In addition, the results revealed that the tonal scaling of utterance-initial intonation peaks differed between the two experiments. Intonation peaks occurred higher in Experiment I compared to Experiment II. To recap, Experiment I involved an increase in the length of picture descriptions across the four conditions, while Experiment II maintained a constant utterance length. Consequently, the tonal scaling of sentence-initial intonation peaks was influenced by the linguistic complexity of the utterances. Therefore, the findings of the current study suggest a strong presence of intonation planning in Estonian. However, the experiment was not able to detect an effect of conceptual planning scope on the height of utterance-initial intonation peaks. The 9% or 7% change in relative gaze duration may have been too subtle to significantly impact the height of these intonation peaks. Nevertheless, the overall preference for a larger planning scope in messages and the persistent length effect on intonation peaks collectively indicate that successful intonation planning occurs under the extended scope of message generation.
4.1 Sentence planning in Estonian
Estonian is a morphological case-marking language (Viitso, 2003) that exhibits a relatively free ordering of sentence constituents (see, e.g., Erelt, 2003; Erelt & Metslang, 2017; Vilkuna, 1998). These parameters create an expectation for a less incremental conceptual planning stage (Norcliffe et al., 2015; Sauppe, 2017). Indeed, 44% or less speech onset latency was allocated to the agent. In other words, the patients and the other actors in the pictures were visually processed for 56% of the speech onset latency or even longer. Thus, the relative duration of the naming gaze indicated a rather less incremental conceptual planning across all four conditions in both experiments. These results suggest that Estonian speakers prefer to generate a more comprehensive rather than a limited relational framework of subsequent utterances before they start the grammatical encoding of their messages. A more comprehensive conceptual framework might be necessary because the speech production system in Estonian may be anticipating the encoding of grammatical case. Namely, the patients that were mentioned after agents in the experiments of this study were marked for the partitive case (see Example 1 in Section 2), which in Estonian frequently encodes semantic event patients or syntactic objects. The results suggest that Estonian speakers might target the event patients early at the outset of picture processing because their grammatical function needs to be assigned together with particular case suffixes. According to Bock and Levelt (1994), the closed class elements such as inflectional (and declinational) suffixes are accessed separately from stem forms (lemmas). Thus, at the time of conceptual planning, the Estonian production system may anticipate the retrieval of case suffixes, in addition to lemmas.

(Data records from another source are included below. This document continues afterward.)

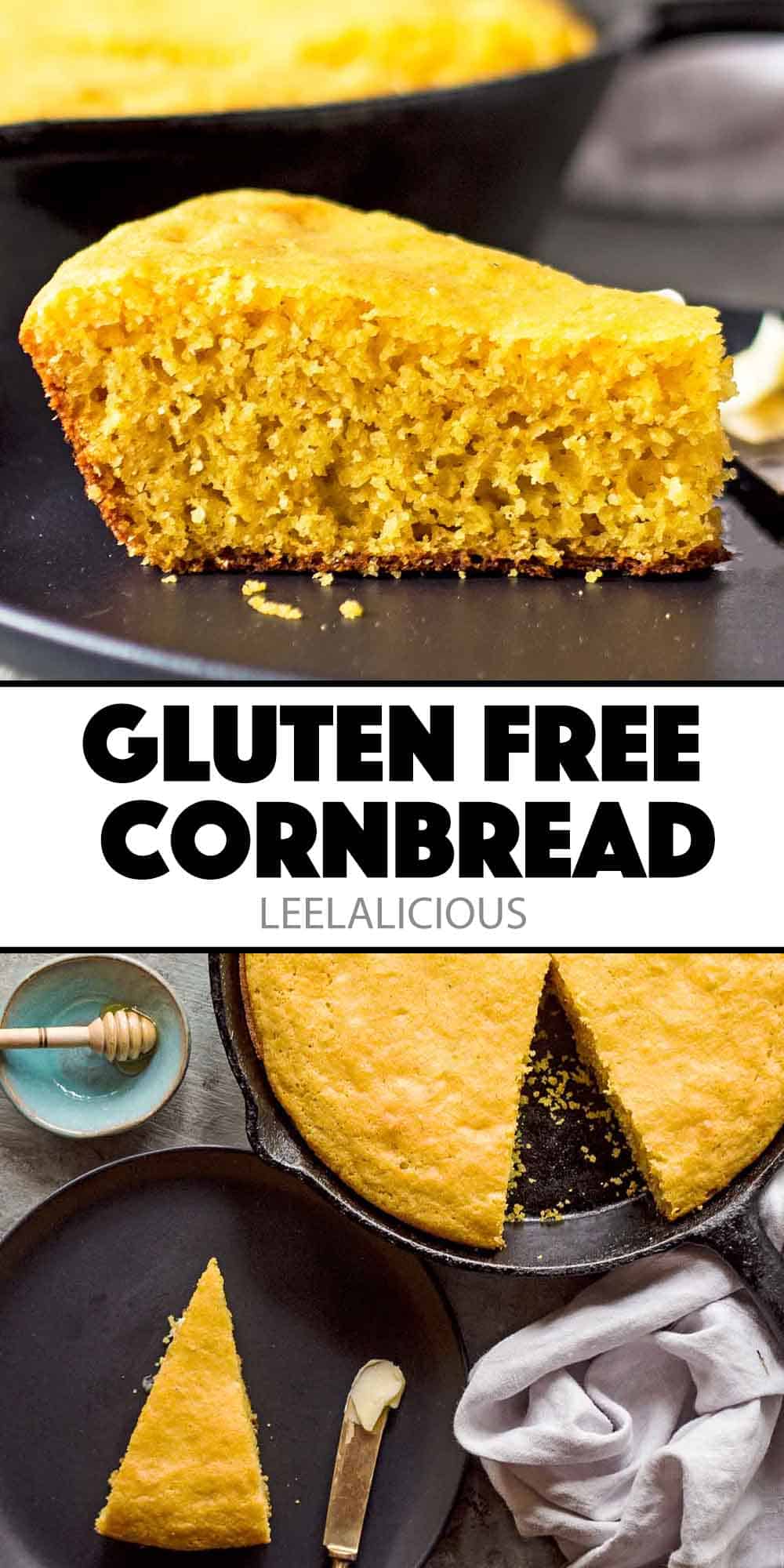 image collage of gluten free cornbread slice and cornbread in cast iron skillet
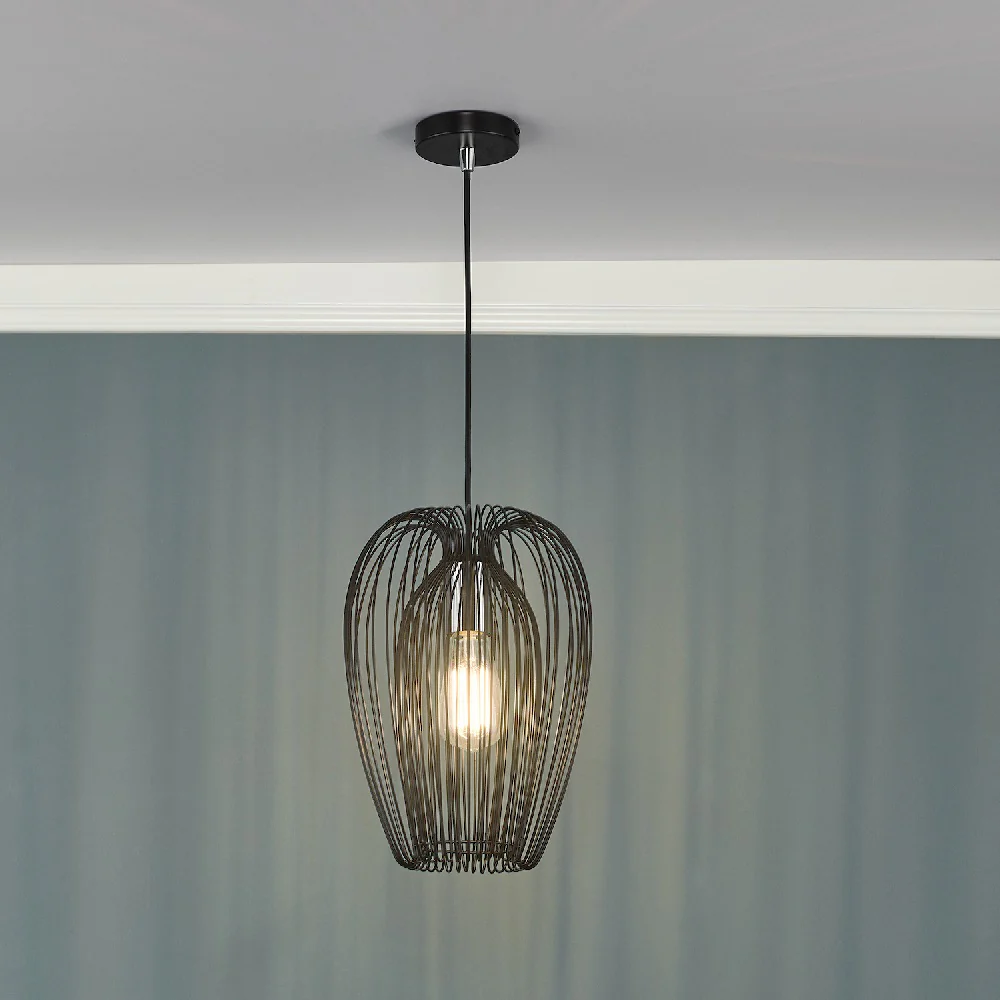 Matt Black Wired Cage Vintage Pendant Ceiling Light 23cm - Image 4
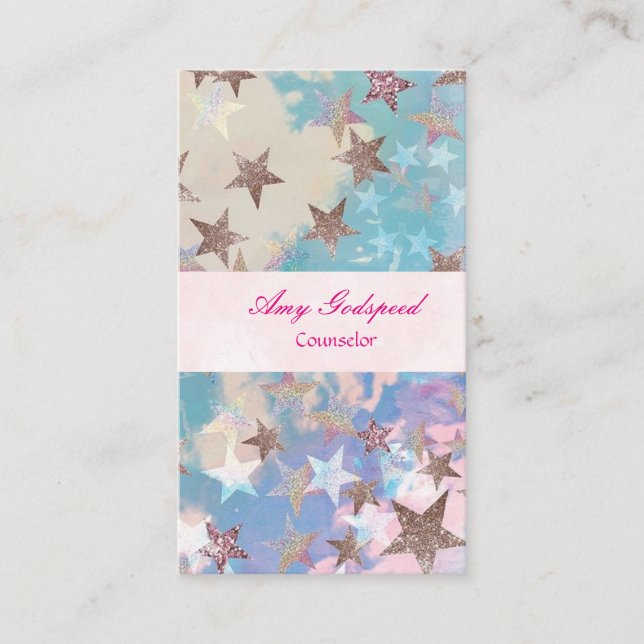 キラキラ星のおしゃれな名刺 VISITKORT (Framsida)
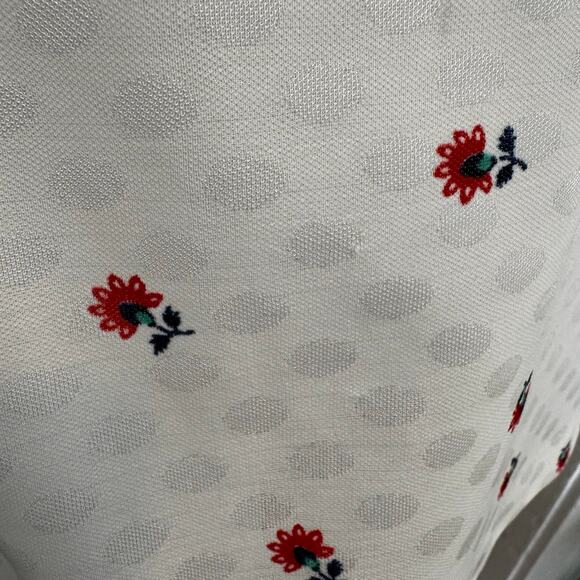 Vintage 1970s Terry Chicago Sleeveless Floral Polka Dot High Neck Blouse Small - Picture 5 of 11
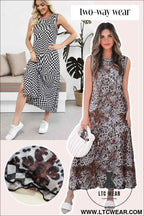 Multicolour Leopard Checkered Double Printed Reversible Sleeveless Long Dress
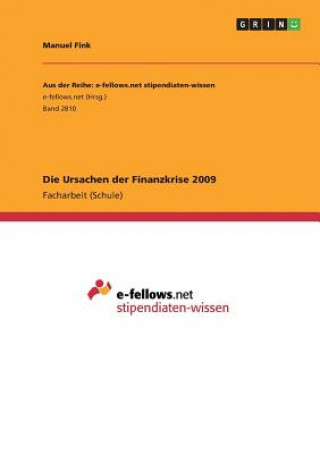 Knjiga Die Ursachen der Finanzkrise 2009 Manuel Fink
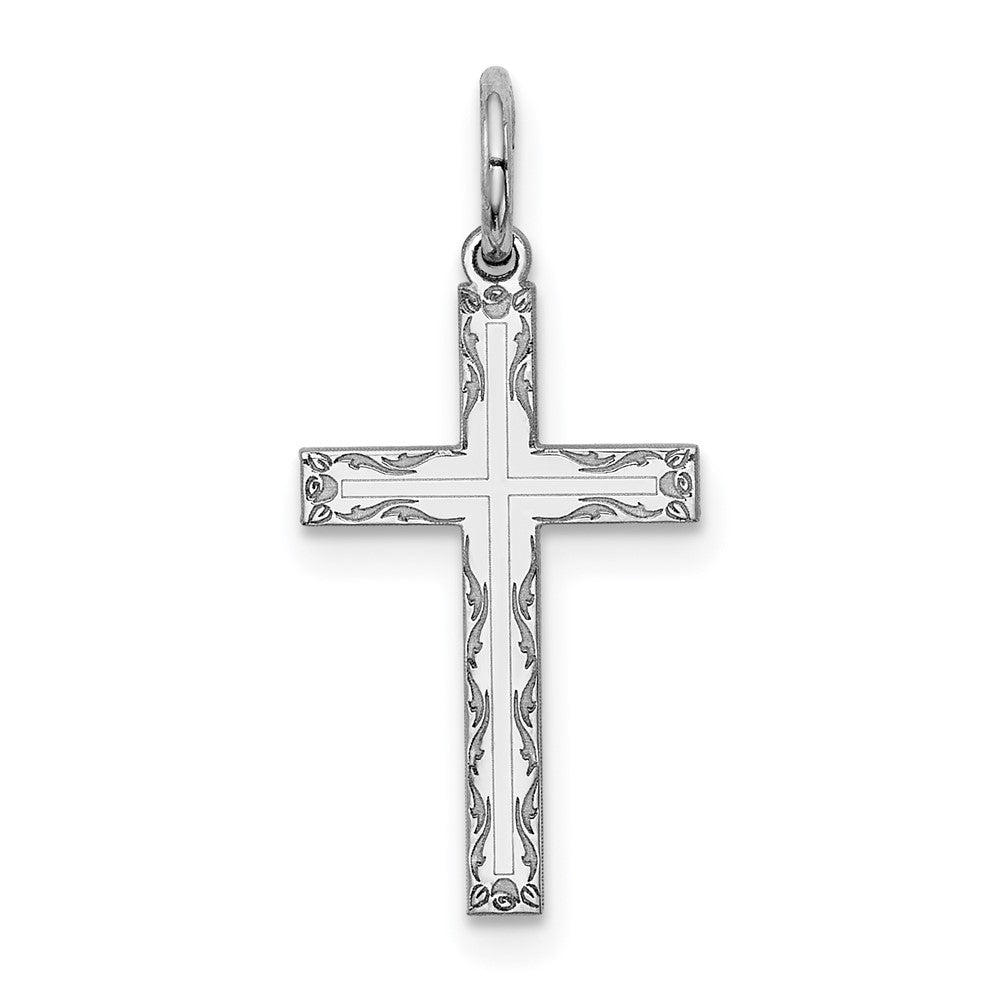 925 Sterling Silver Laser Designed Crucifix CrossEngravable Charm Pendant Jewelry Gifts (Length 0.86" Width 0.43")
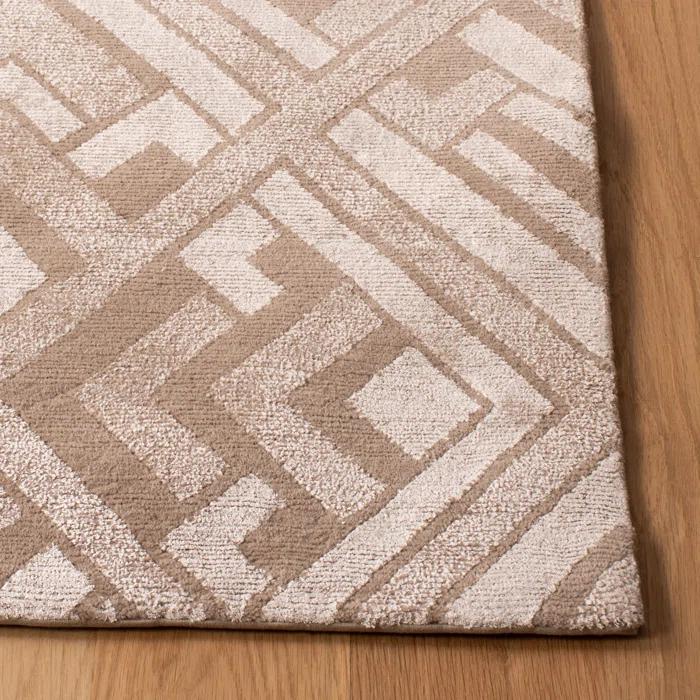 Bronze Geometric Hand-Knotted Wool and Viscose Rug, 8' x 10'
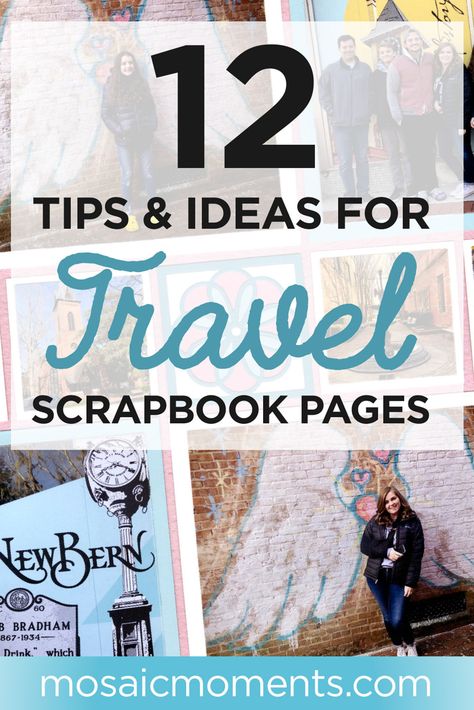 12 Tips & Ideas for Travel Scrapbook Pages - Mosaic Moments Travel Scrapbook Layouts Ideas, Scrapbook Map Ideas, Travel Scrapbooking Ideas Layout Simple, Travel Scrapbook Pages Ideas Photo Layouts, Scrapbook Ideas For Vacations, Scrapbook Ideas For Holidays, Scrapbook Book Pages, Travel Scrapbook Pages Photo Layouts, Cathedral Scrapbook Layout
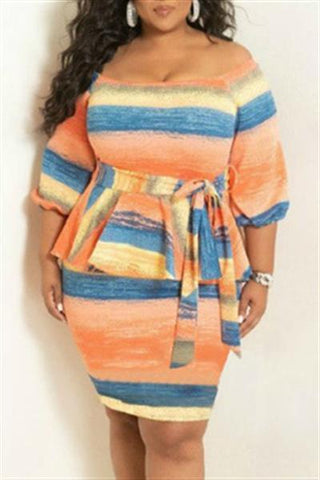 Half Sleeve Bowknot Colorful Stripe Dress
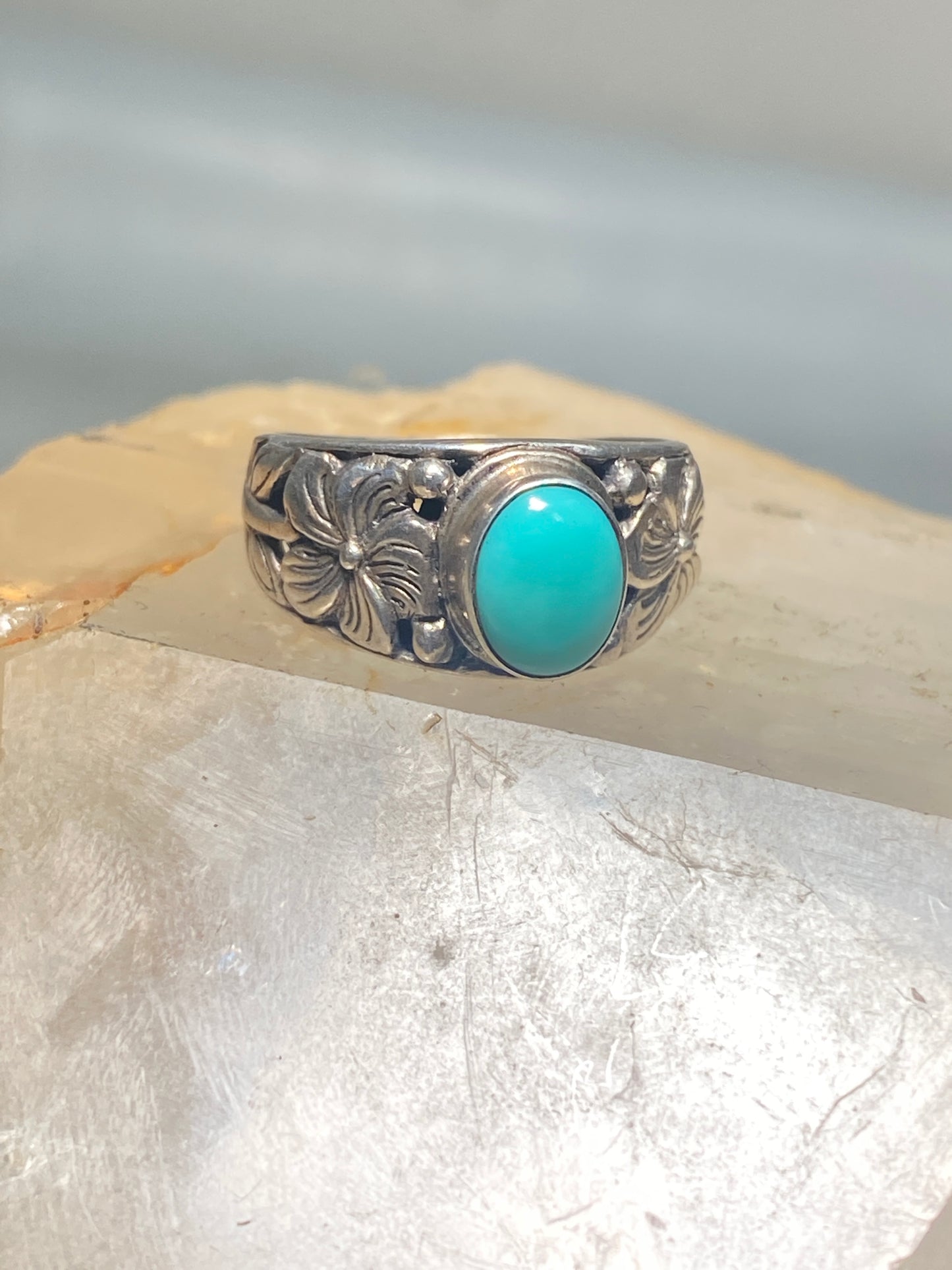 Turquoise ring size 7 floral band  sterling silver women girls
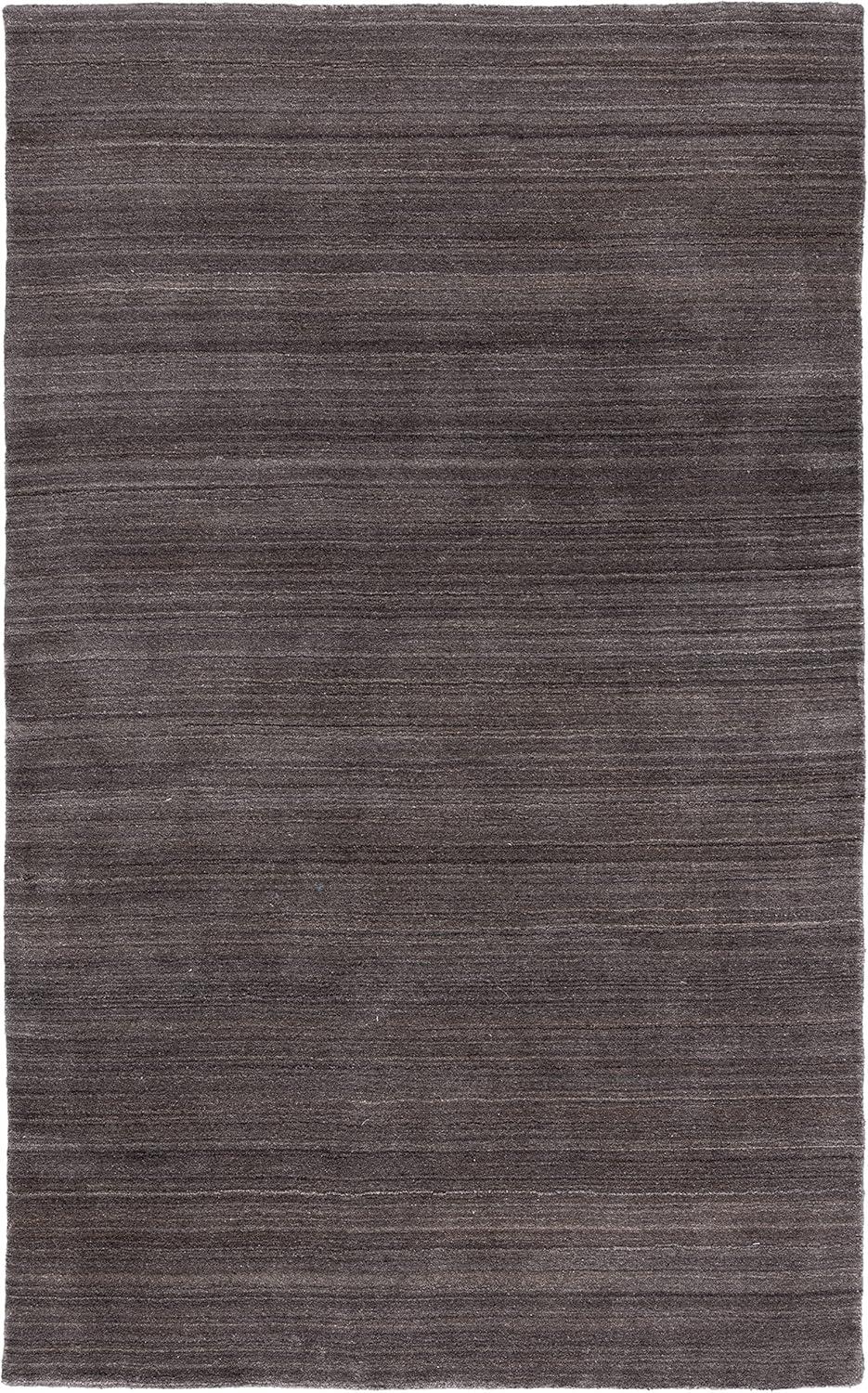 Charcoal Hand-Knotted Wool Rectangular Area Rug - 27in x 4in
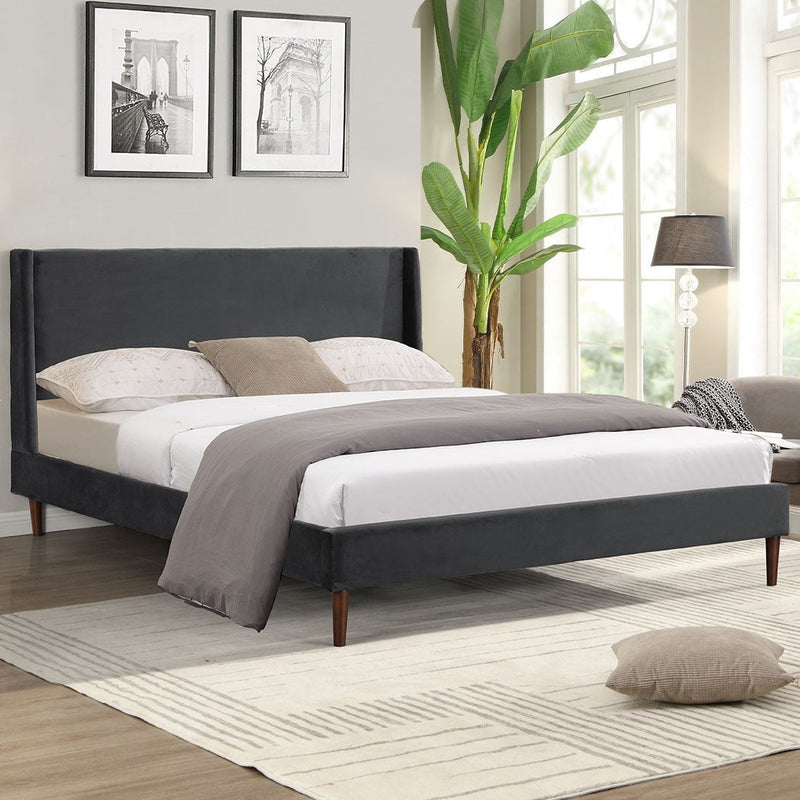 Levede Bed Frame Queen Size Mattress Base Platform Wooden Velevt Headboard Grey Payday Deals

The speech onset latencies, though not reported in the Results, were also quite long for Estonian speakers (see Figure 9 in Appendix 3). In earlier picture description studies, the speech onset latencies for speakers of Germanic languages ranged between 1800 and 2000 ms after picture presentation (see, e.g., Konopka & Meyer, 2014; Sauppe, 2017; van de Velde et al., 2014). The average speech onset latency for Estonian speakers in simple as well as in more complex picture descriptions was longer than 2100 ms after onset of the visual display. To ensure a better cross-linguistic comparison, the participants of Experiment II were even asked to start speaking faster when they appeared to be slow in performing the task. Despite this, the speech onset latencies of Experiment II mirror the speech onset latencies of Experiment I well. Relatedly, a study of another grammatically complex language has found strikingly long speech onset latencies as well. Namely, Myachykov, Scheepers, Garrod, Thompson, and Fedorova (2013) found that Russian speakers start speaking extremely slowly when compared to English speakers. Myachykov et al. (2013) argue that languages with relatively flexible word orders encompass a greater choice of sentence types for encoding messages compared to languages with restricted word order, and they suggest that the greater structural diversity might slow down the planning and production processes. This might be the case for Estonian as well. Similar to Russian, Estonian exhibits free ordering of sentence constituents and a variety of sentence types in addition to the transitive structure. Therefore, the sentence planning processes at the outset of grammatical encoding might be occupied with structural competition. Moreover, the structural diversity might not only slow down the encoding and production processes, but also require relational encoding at the stage of conceptualization for all these alternative types of sentence structures to become activated and be considered.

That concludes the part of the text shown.